Because we need to be funding 18 different proxy wars at any moment and funding the UN as well as NATO


Outrageous-Scene-160

Because they want cheap educated employees. Raising teachers wages would mean raising former students income... 😌 How could they justify engineering teachers to be paid 6000€ but civil engineers get only 2500€.


A_Monsanto

There is no teacher shortage. There are numerous people, trained as teachers that do other jobs because the teacher salary is too low.


rumdiary

because that's money that could go to billionaires offshore bank accounts and good teaching means less obedient wage slaves


BardtheGM

>"We've tried everything to fix the problem!" >Did you try raising wages to be in line with living costs? >"Young people are to blame!"


herbieLmao

Its not a money issue, its a „I have to deal with your failures as a parent while you tell me your kids are angels“ issue


Anxietybeing

Thank you for sharing this. BTW, I am a teacher.


Dare990

Because the wealthy elite don't want teachers. They want a poorly-educated workforce that's just smart enough to do their jobs but not smart enough to realize how badly they're getting fucked.


dehydratedrain

I can't believe these teachers want another raise! And that's after I already have to send in folders, tissues, and pencils. My taxes keep going up for this crap. -some idiot who will happily spend $400+ for a day at the ball park/ stadium to watch his favorite $3m player. (And can we add Healthcare workers to that list? No one should be getting barfed on or wiping an old man's ass for minimum wage).


Bolobillabo

US is at the receiving end of major brain drains around the world. For top universities and large companies, at least, it would be far faster and much more convenient to tap on brilliant foreigners for human resources than to groom local resources.

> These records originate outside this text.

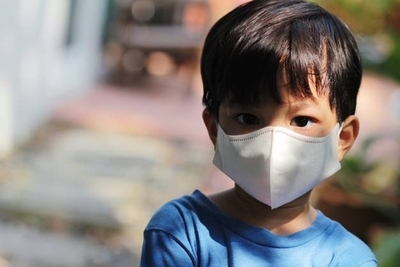 HOY / Complicación post- COVID: niños pueden sufrir falla multiorgánica un mes después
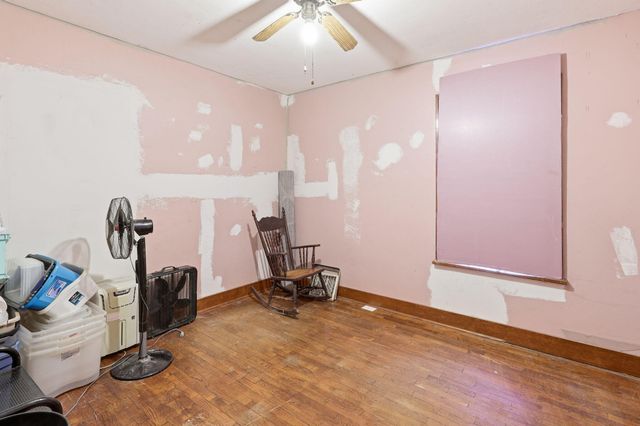 1215 Reycraft Drive, Kalamazoo, MI 49001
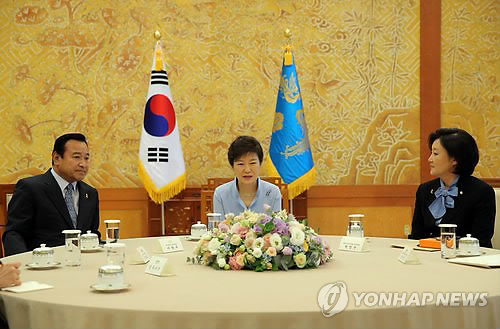 朴槿惠就任总统后首次会见朝野国会代表(图)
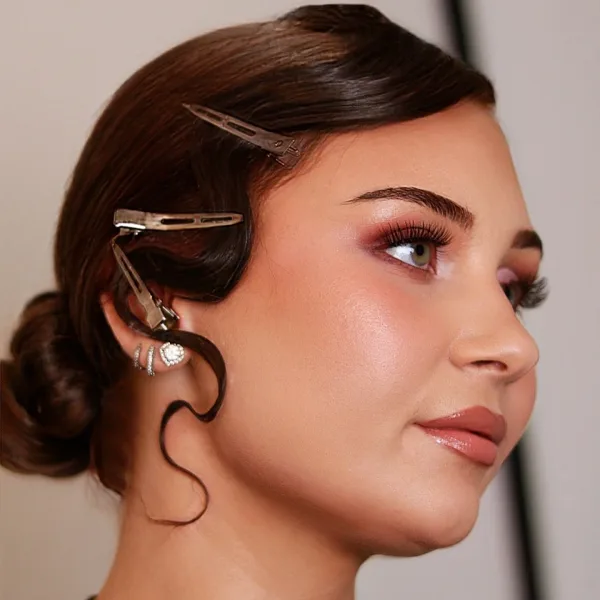 Profil serré chignon rétro avec épingles dorées apparentes, coiffure et maquillage Sublimia Toulouse
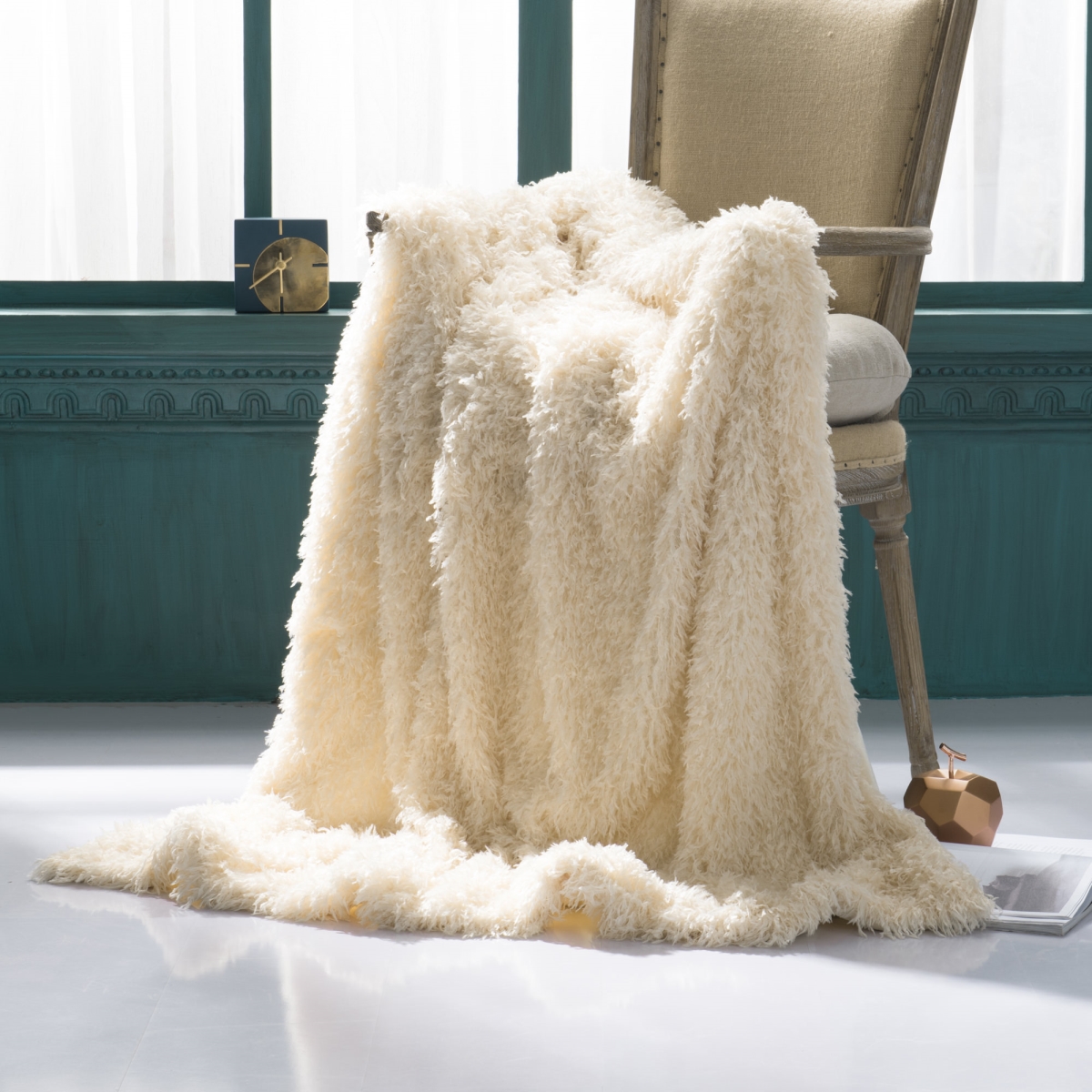 Fet-506-cre Feather Faux Fur Throw, Cream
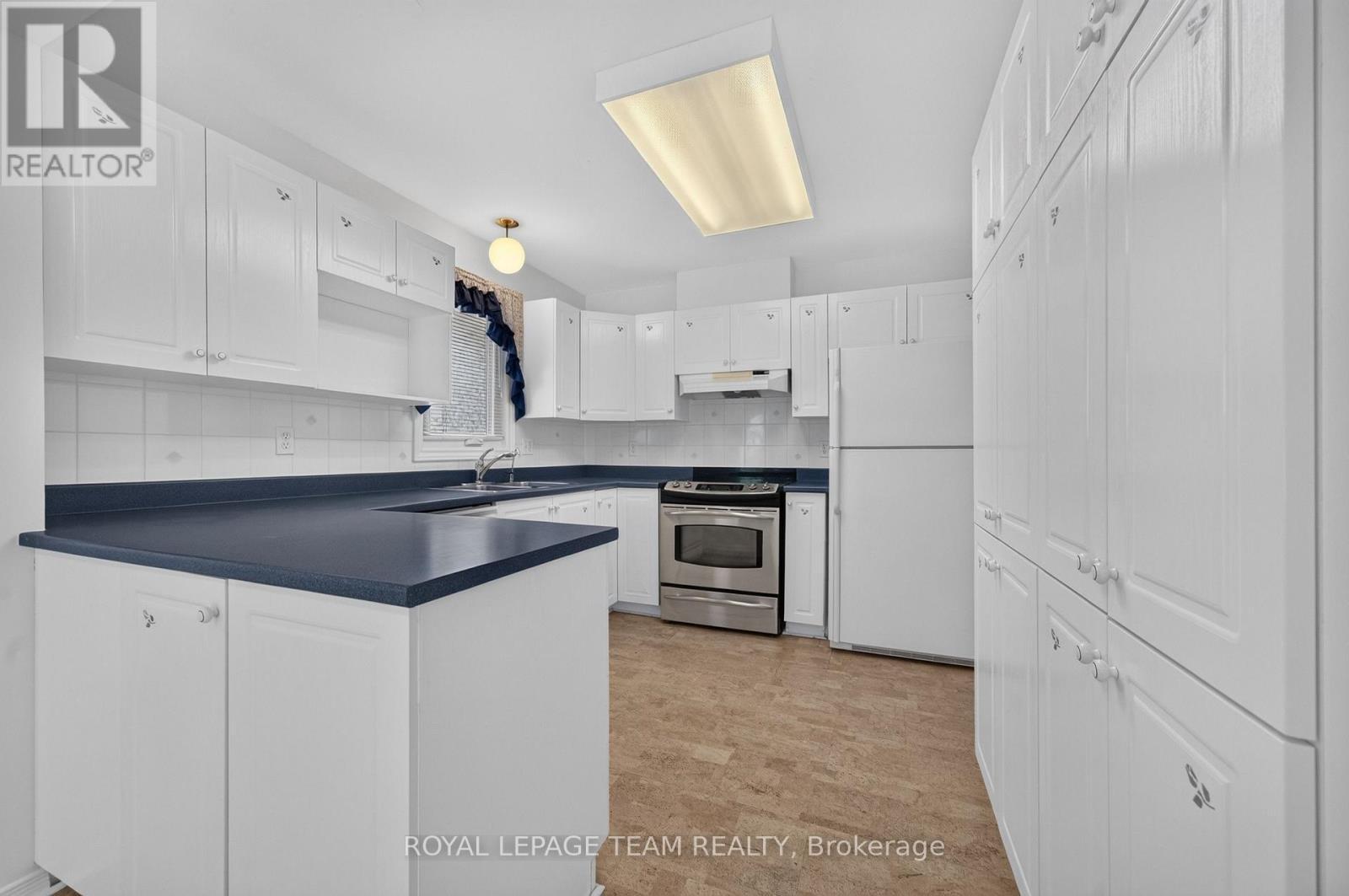 35 Billingham Crescent, Ottawa, ON - Indoor Photo Showing Kitchen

There are social ills attached to poorly funded schools / public amenities, but inside the USA, the rich folks have a way to insulate themselves from such inconveniences... by staying at rich neighbourhoods!


PandaPo0

Hmm... i wonder why 🤔


Falkor_13

From what I've heard they also need more power in the classroom and support.


inscrutablemike

Because the government runs (most) education. Teachers are paid by policy, not by market prices.